Days and Nights

BY Konstantine Simonov
$2.50 SIMON AND SCHUSTER
THIS story, ably translated by Joseph Barnes, concerns the siege of Stalingrad, but the action is confined largely to the heroic defense of three buildings by a handful of Red Army men. After more than four hundred pages, one has only a very hazy notion of the complicated operations of huge armies and of the tremendous significance of this great siege for the future course of the whole war. Such achievements may properly belong to history or to an historical novelist a generation hence. But an author contemporary with the event, and even a participant in it, has no right to leave his readers confused about these matters, however confusing they were themselves. Simonov’s overall picture of the siege is sucked as dry of significant detail as the aggravating war communiqués of the Soviet Information Bureau.

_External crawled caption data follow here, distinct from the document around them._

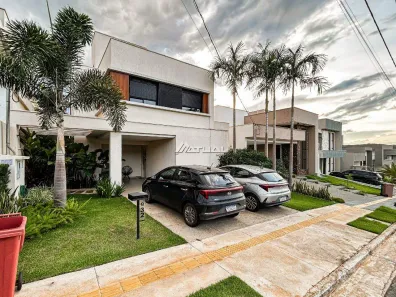 Casa de Condomínio com 3 Quartos à venda, 248m² no Jardins Barcelona, Senador Canedo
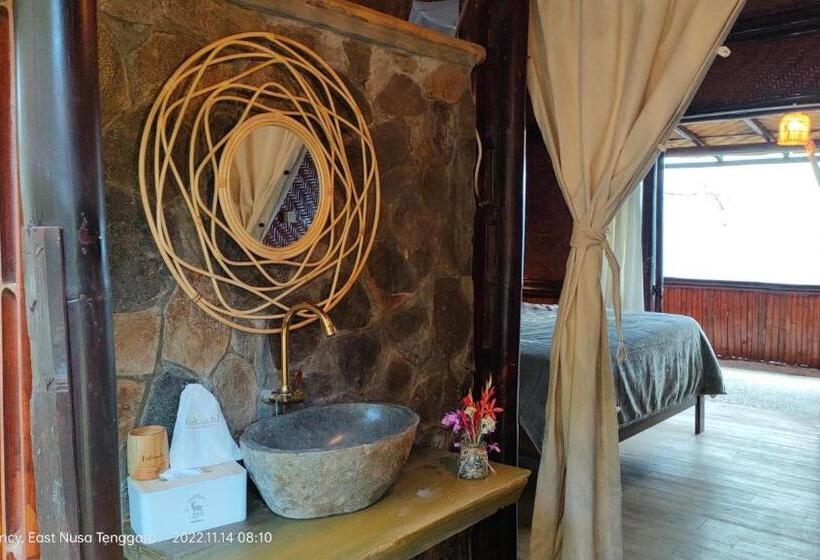 Kelimutu Paradiso Resort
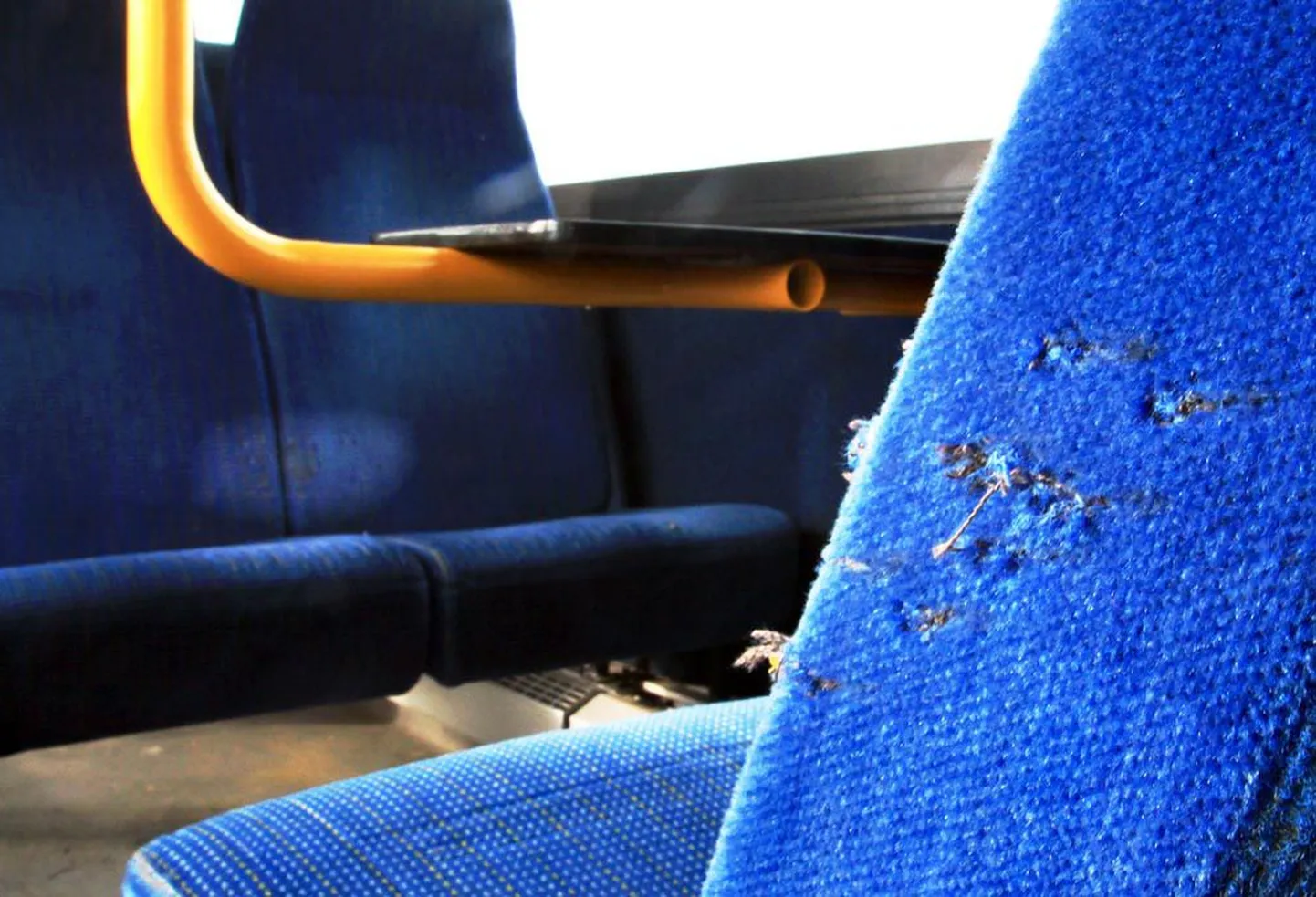 Pärnu-Sindi liinibussis paukus haavlipüss, katki on kolm istet.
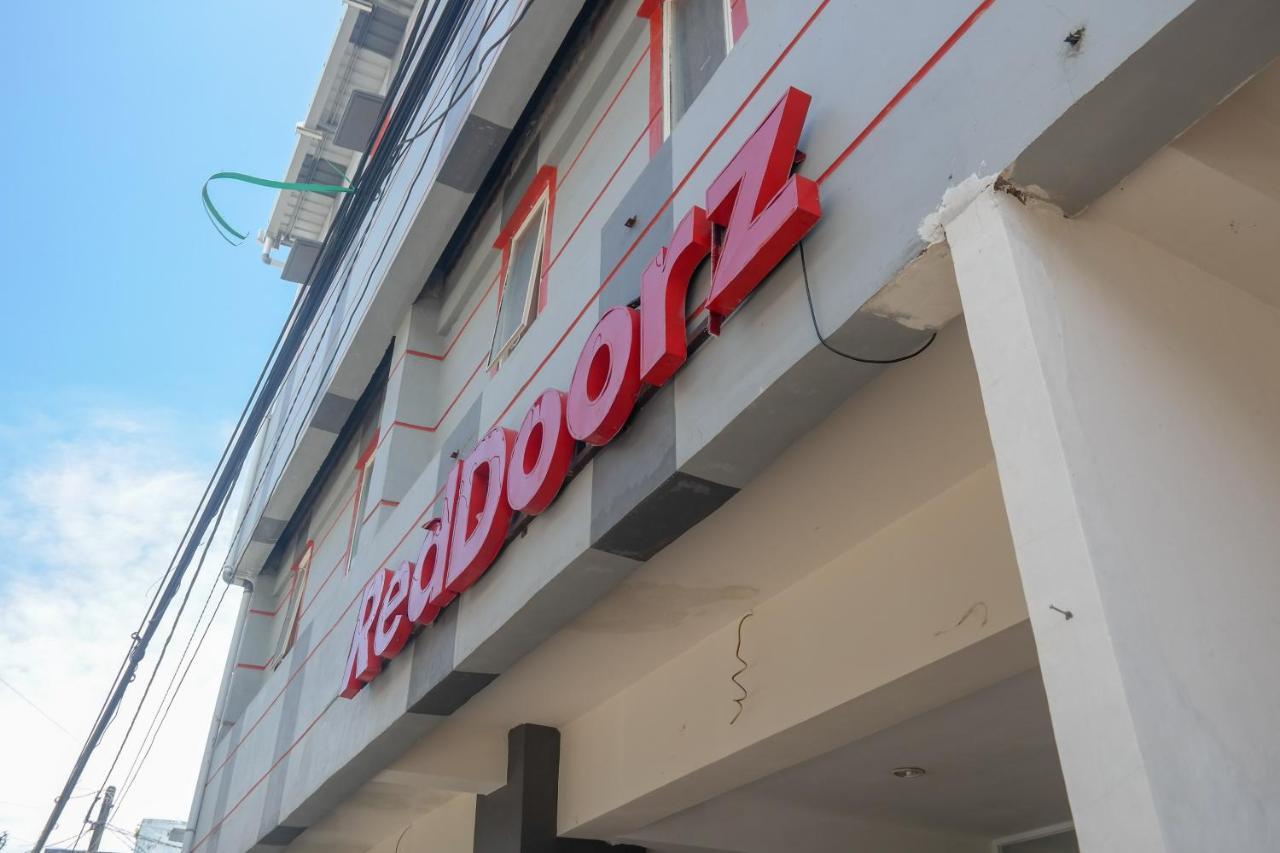 Reddoorz At Jalan Somba Opu Losari Makassar Extérieur photo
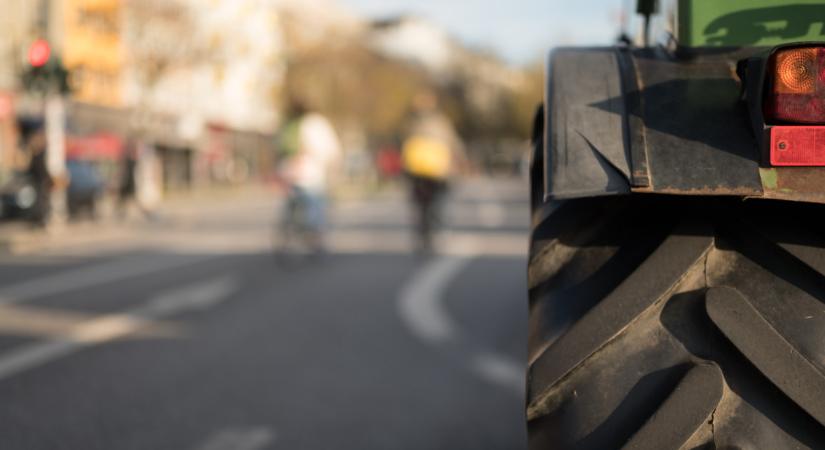 Autósok, figyelem! Torlódások várhatóak az utakon, megkezdődött a tavaszi gépdömping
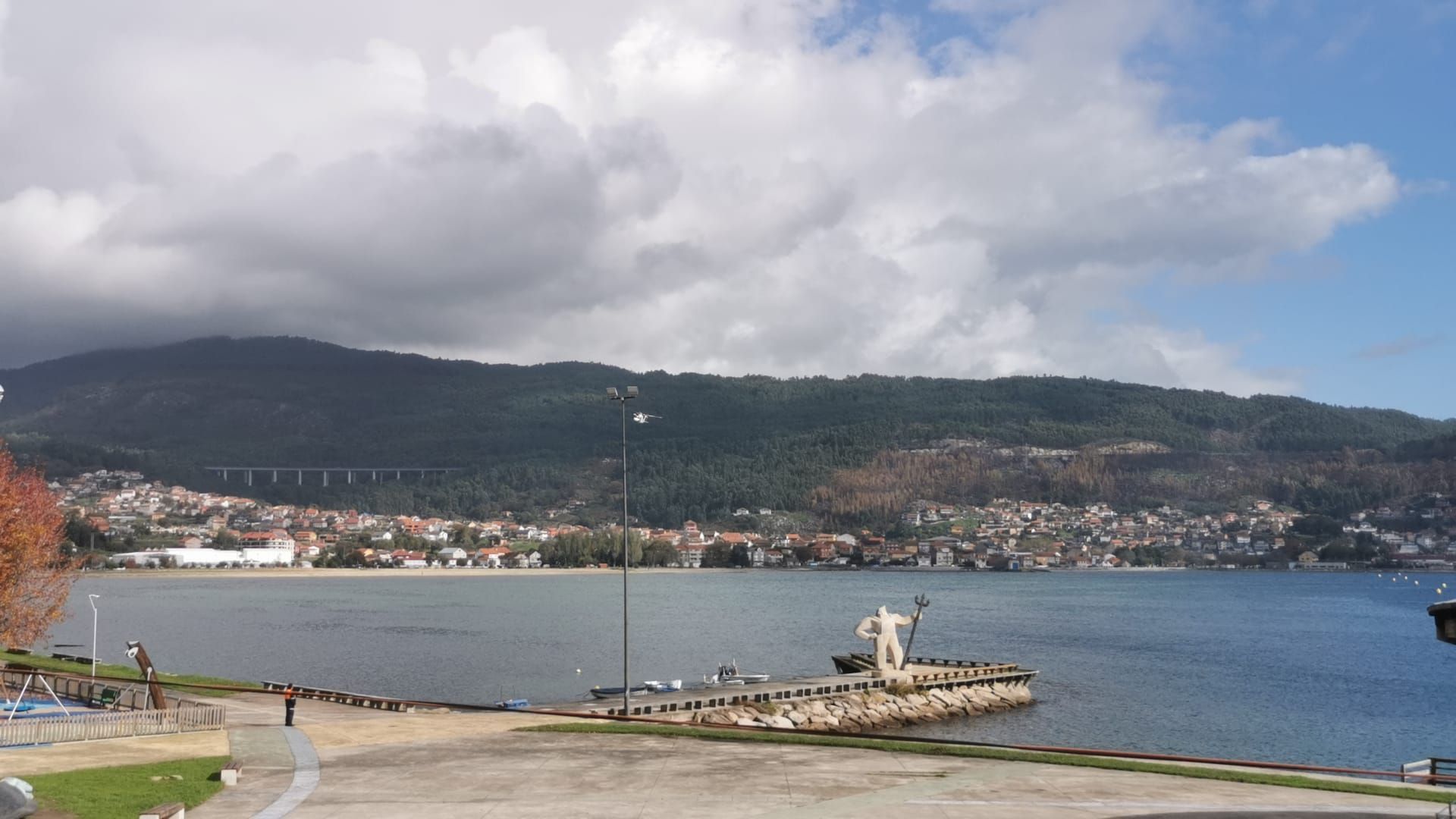 Escenas del simulacro de rescate frente a Moaña.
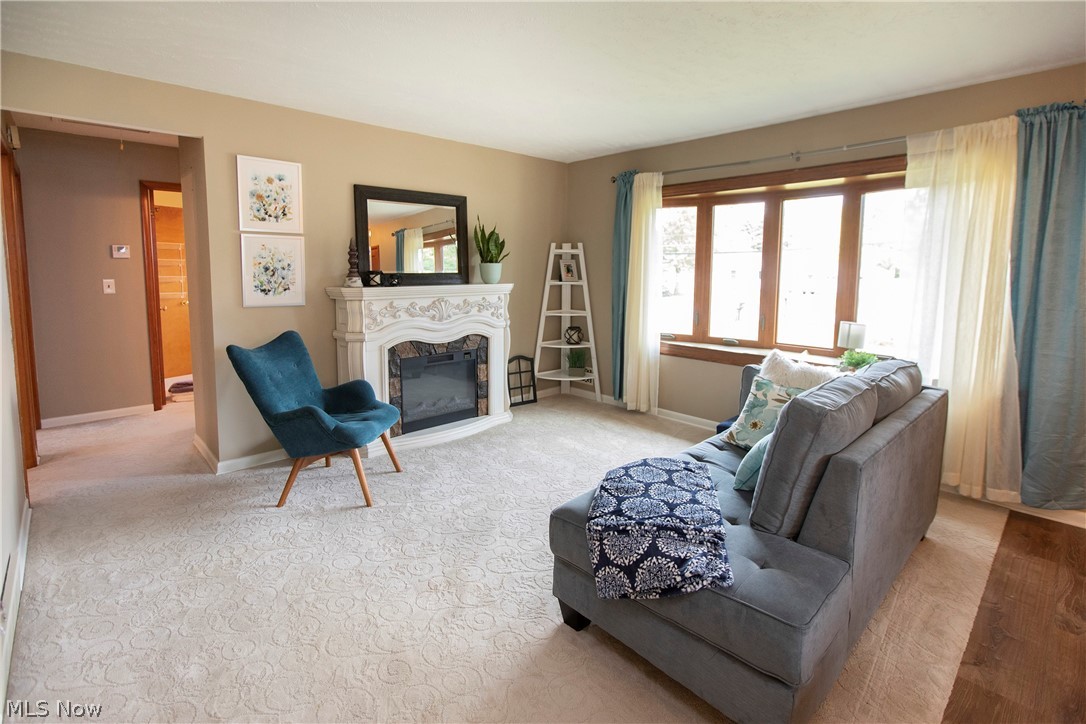 19783 Drake Road Strongsville, OH 44149 - Photo 6 of 35 Gallery Image 6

On the credit side, however, this is a stirring account of the efforts of the depleted battalion assigned the task of recapturing and holding the three houses against everything the Germans could send. Realizing that war can be made as dull for the reader as for the soldier, whose daily existence is circumscribed by the same wearisome duties, Simonov endeavors to inject human interest in the form of a love story and a spy story. But the spy element is absent-mindedly interwoven into the narrative, and its crudities never allow us to suspend our disbelief long enough to accept it as real.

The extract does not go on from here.